Holding the cigar up to the light, the dark maduro wrapper glistens from a significant level of oils. Although the toothy texture gives the wrapper a rugged appearance, it seems well constructed. There is one sizable vein that should not post a large problem but does make itself known. Bringing the stick to eyelevel, the head meets my cutter’s guillotine blades leaving behind an even slice with no hang-ups.
Prelight, the only real flavors that I pick up on are tobacco and earth. Excited to get this one started, I easily toast the end to get it underway; point perfecto foot. The first puffs that come off of this one are extremely sweet. Underneath that sweetness is that signature coffee flavor found in most of the maduros I have tried. When these two flavors combine, it reminds me of a cup of coffee that someone has dumped far too much raw sugar into. Personally, overly sweet flavors do not sit at all well with me and certainly detracts from the appeal. This flavor profile remains for about half of an inch, where the gauge begins to taper and then the sweetness mellows out.
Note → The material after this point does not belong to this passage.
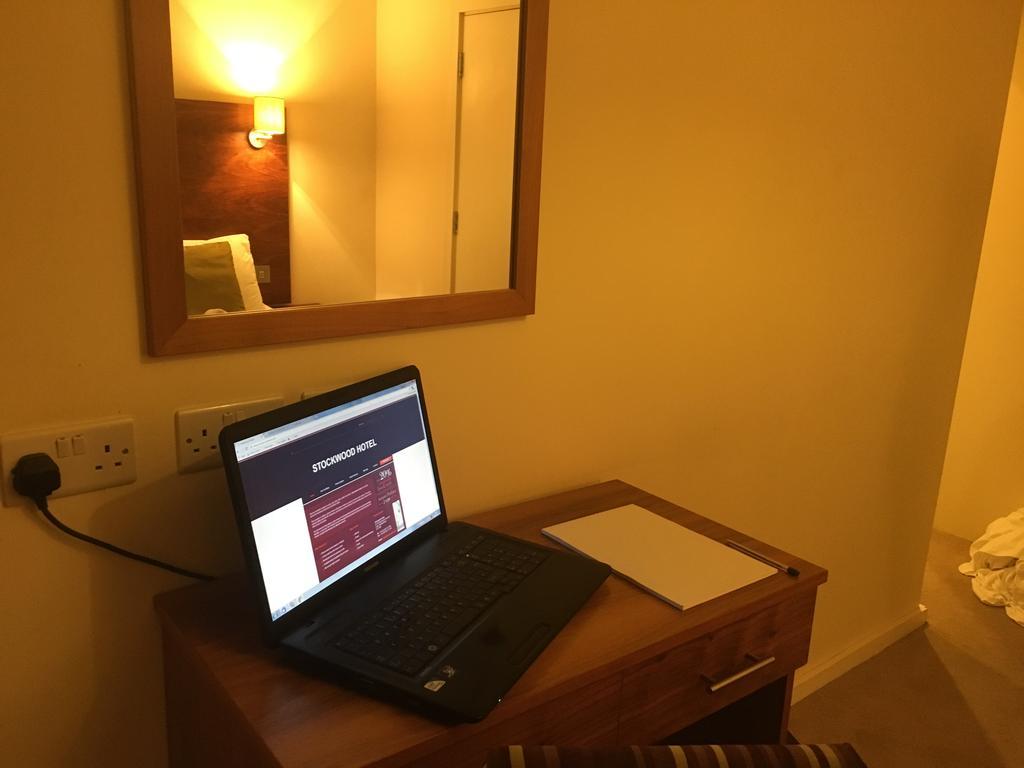Stockwood Hotel - Luton Airport Luaran gambar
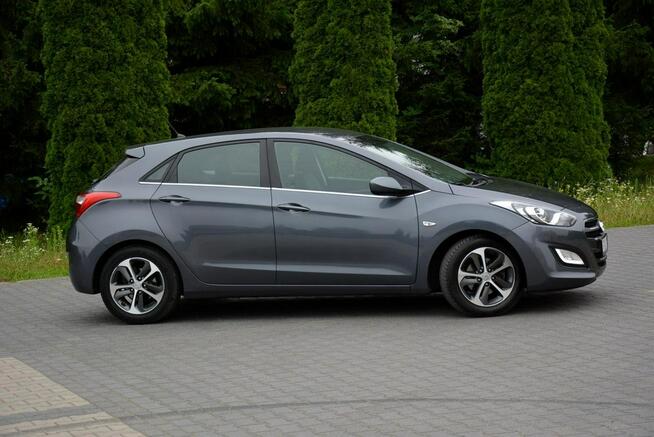 Hyundai i30 Lift 102 przebieg Duża Navi Kamera Ledy Parktronic aso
Thankfully, the coffee flavor is allowed to become more prominent and the sweet taste compliments rather than overpowers.
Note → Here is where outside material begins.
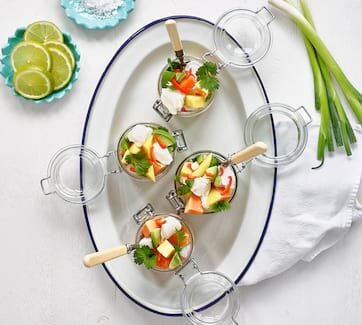 Ceviche på skrei med tropiska frukter, chili och färsk koriander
From beginning to end, the burn is pretty straight. The one vein that was present at the start did cause some unevenness to occur but rotating the cigar and moistening the faster burning area kept it on an even course. Just at the halfway mark as the burn closed in on the 46 gauge point, a spiced flavor replaced the sweet. For the remainder of this smoke the two gently seesawed back and forth with neither really overshadowing nor competing with the other. The spice did finally take over during the last inch or so to finish this out.
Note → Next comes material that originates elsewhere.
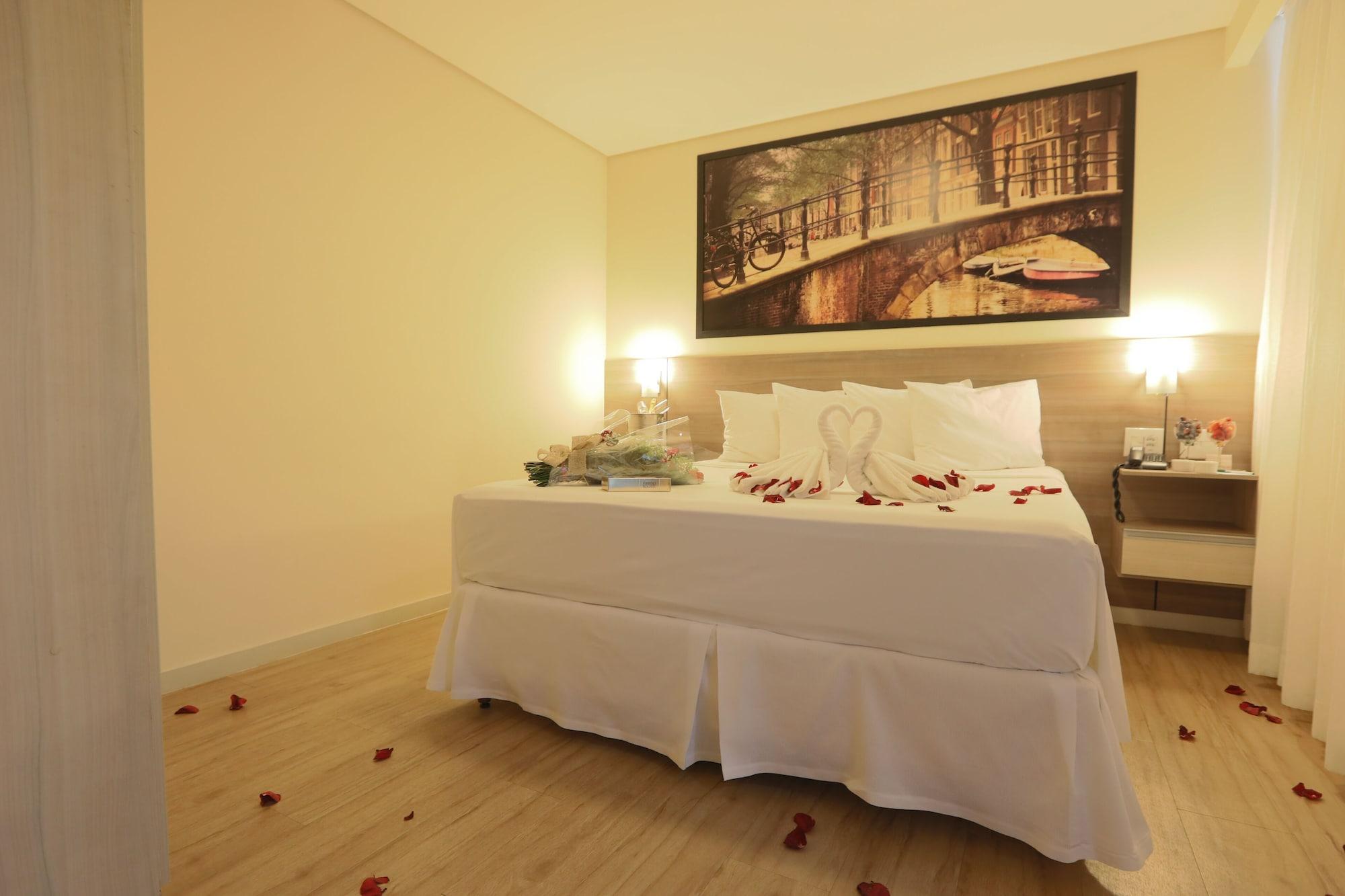 Hotel Amsterdam Montes Claros Εξωτερικό φωτογραφία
Overall, this was an enjoyable smoke. The biggest thing that detracted from it was the overly potent in-your-face sweetness that started this cigar off. The coffee and spice combined with the subtle sweetness was much more favorable in my opinion. Also, the shape of the cigar takes the more mellow flavors that start the smoke and slowly blends them into a spicier profile towards the end leading to a more complex smoke than what might be available in a standard vitola, say a robusto. In all honesty, the shape does also work quite hard at grabbing your attention. With limited release on these, if you can get them at MSRP they are a pretty good buy but I would not pay much more over that.